MADISON, Wis.—Kris Teske was forced to put up with a lot of outside meddling in the weeks and months leading up to November’s presidential election.

But as an election official, the frustrated city clerk of Green Bay, Wisconsin, made it clear to her superior that she would not break the law, according to new emails obtained by Wisconsin Spotlight.

“There is one more thing I want to say: If I am ever asked to do anything against the law the answer will be NO!” Teske wrote in an Aug. 26 email to Diana Ellenbecker, Green Bay’s finance director and Teske’s immediate supervisor.

As a Wisconsin Spotlight investigation has uncovered, liberal third-party groups funded by Facebook CEO Mark Zuckerberg were heavily involved in the elections of Wisconsin’s five largest cities: Milwaukee, Madison, Green Bay, Kenosha, and Racine. Zuckerberg and his wife donated $350 million to the Center for Tech and Civic Life, a left-leaning voter rights and election group.

Green Bay received more than $1.6 million in funding from the Center for Tech and Civic Life, part of nearly $7 million in funding to the five cities. A longtime Democratic operative, Michael Spitzer-Rubenstein, the Wisconsin state lead for the National Vote at Home Institute, the Center for Tech and Civic Life’s partner organization, was embedded in Green Bay’s elections.

Teske grew so frustrated that she took a leave of absence less than two weeks before the Nov. 4 presidential election. She resigned Dec. 31.

In final official results in Wisconsin, Democrat nominee Joe Biden defeated Donald Trump by 49.6% of the vote to 48.9%, flipping a state with 10 electoral votes that Trump won in 2016.

In her Aug. 26 email, Teske raises concerns about the grant “mentors”— Spitzer-Rubenstein and crew—and “the group” working with Green Bay Mayor Eric Genrich’s office on the locations of ballot drop boxes.

Teske warned that the decisions would “be a disaster for November,” but she appears to have been overruled.

“… [A]s you can see above, things have already been decided by the ‘group,’” Teske told Ellenbecker in the email.

The city clerk said she had been cut out of core elections decisions, including working with Brown County’s Coalition of Voting Organizations, a local group that “assists voters with registration and information about upcoming elections.”

Instead, the Green Bay mayor’s chief of staff, Celestine Jeffreys, appeared to be calling the shots on the City Clerk’s Office’s partnership with the Coalition of Voting Organizations, among other facets of election administration.

“She has excluded me from that whole portion of the planning … it’s so embarrassing,” Teske wrote in the email chain.

Failing to include city clerks in such important election-related decisions violates the Wisconsin Constitution, election law experts say.

Teske again raised concerns about the “grant team” in the City Clerk’s Office. In an Oct. 20 email to her supervisor, Teske wrote that the mayor’s chief of staff was running the show by demanding that activist Spitzer-Rubenstein work in the clerk’s office. Jeffreys’ demand came as the mayor had ordered city buildings closed to the public in response to COVID-19.

Teske wrote:

Really … is Celestine [Jeffreys] running it now[?] … Please let me know. The Clerk’s Office said we didn’t want anyone from the grant team (or contracted through the grant team) to be in our office. If he [Spitzer-Rubenstein] wants to give us suggestions (observing) we are fine with that but he shouldn’t be working in the office. We need to social distance in the office I want the clerk’s staff to feel safe.

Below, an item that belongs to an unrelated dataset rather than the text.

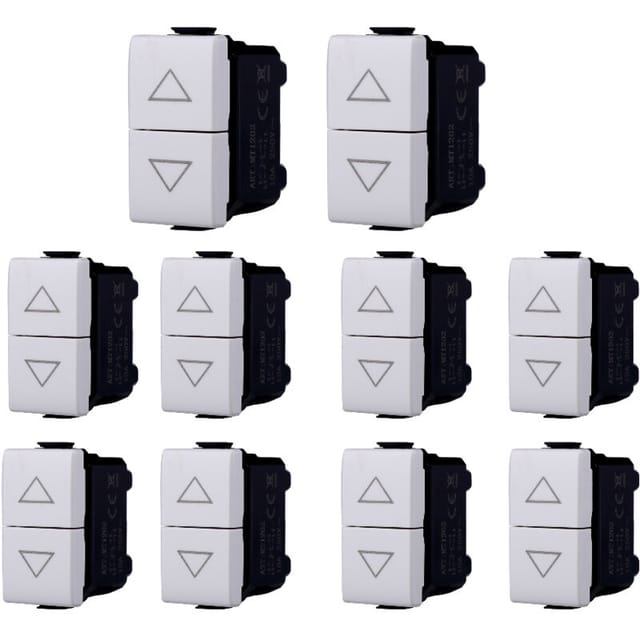 Set mit 10 doppelten Auf- und Ab-Tastern, 1P+1P, 10 a, 250 v, kompatibel mit der Matix-Serie - Gloca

The city clerk also noted a lawsuit at the time challenging the Center for Tech and Civic Life’s grant funding to Green Bay and the four other Wisconsin cities.

“With the lawsuit I am not comfortable having him in the office. People are saying they are partisan group, we don’t think it looks good,” the clerk wrote.

Ellenbecker, Teske’s boss, attempts to placate Teske while throwing the mayor’s chief of staff a bone, writing:

I 100% agree that this person, can socially distance observe, but not in the clerk’s office. We can tactfully say until the lawsuit is done, we can’t risk any more press. He could possibly help direct traffic or sit at the end of the hall to observe. Maybe even help sort in-coming ballots with the temp help. Her statement—again—defies the city’s contention that Spitzer-Rubenstein wouldn’t have access to the ballots.

Spitzer-Rubenstein previously offered to “cure” or correct ballots, among other questionable election administration activities.

Teske told Ellenbecker that Jeffreys was “still controlling the show,” and Amaad Rivera-Wagner, the mayor’s community liaison, was making decisions that are within the domain of the clerk’s office.

“If I am to step aside there needs to be a press release because I will NOT take the blame for anything they do,” Teske wrote, two days before she took her leave of absence.